Night is falling, and we are stuck in mud in a snowy forest off an unnamed road with no cell reception, a hundred kilometres from the nearest town. For the second time that day, I am reminded of the power and mystery of the natural world.
The isolation makes me nervous. The dogs are wet and filthy from the swampy ground, the damp, dark forest makes the van unbearably cold, and I won’t be able to hop out of the van in the night to pee, as I need to do every few hours. In this moment, we can’t “just be”; we have to “just do.” We need to get out of there. At this moment, it feels to me as though the van—this literal and symbolic home—has let us down. My grief is perhaps weighted more towards the symbolic than the literal, but my sense of urgency is compounded by fear and wanting to protect our unborn baby.
I tell Cal to walk back to the highway and flag someone down to help us, and the first person who drives by stops immediately. While François, a former tow truck driver, doesn’t think he can help us get the van unstuck, he is willing to give us a ride.
“All of us? Including the dogs?”
All four of us hitch a ride to Miramichi, the nearest town, which is ninety minutes away. In Miramichi, I say to myself,
we will be able to get reception and call for a tow truck. We will be able to eat and sleep and be warm again.
François drops us off at a hotel in the industrial outskirts of the city. There is a huge NO PETS sign at the entrance, but seeing us walk into the lobby at eleven p.m. with no vehicle in the parking lot, the receptionist reads the desperation crumpling our bodies and books us into a room at the far end of a quiet hallway.
Once we get into our room, Cal calls CAA and, within minutes, a tow truck is there to drive him back to the middle of the mint-gum green hexagon where we’d landed on the Google Map. I stay with the dogs and order pizza from the only place in town that isn’t closed.

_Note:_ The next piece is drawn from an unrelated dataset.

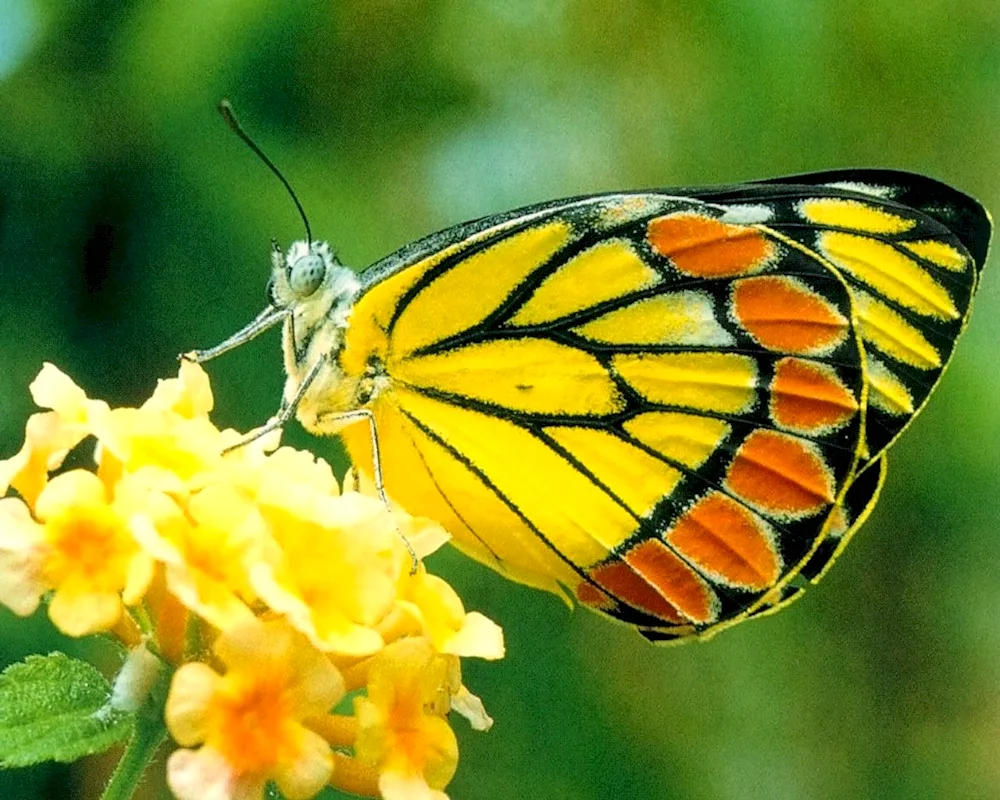 Beautiful butterflies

Lying in the hotel bed, the exhausted dogs wrestling each other to sleep, I text a friend. I am still deep in lingering anxiety, but also a kind of shame at having wound up here, in what feels like a worst-case scenario. I have the fear I sometimes get about there only being one right way for me to live, and that we’ve made the wrong move.
She responds:
How can you be upset? You’re in the perfect situation! A warm bed with pizza! And this is what you signed up for! This is an adventure!
If it’s information I’m legally supposed to tell my dentist then it feels like an omission to not tell new friends, first dates: a warning, almost. This is part of my weather system, written into my personal constellations, something I think about both all the time and not at all. A baseline. A starting point.
I moved away from home when I was eighteen, just two years after my treatment ended. I studied at a university a thirty-hour drive from where I’d grown up. Though I didn’t consider this at the time, looking back I can now see I was wanting to experience as many things as possible. I was hungry, thirsty, insatiable, and the danger of relapse was like my shadow, at my heels. I was also running from a world where everyone knew I had been sick, which is ironic, I know, when all I wanted to do was tell all the new people I met about how I had been sick.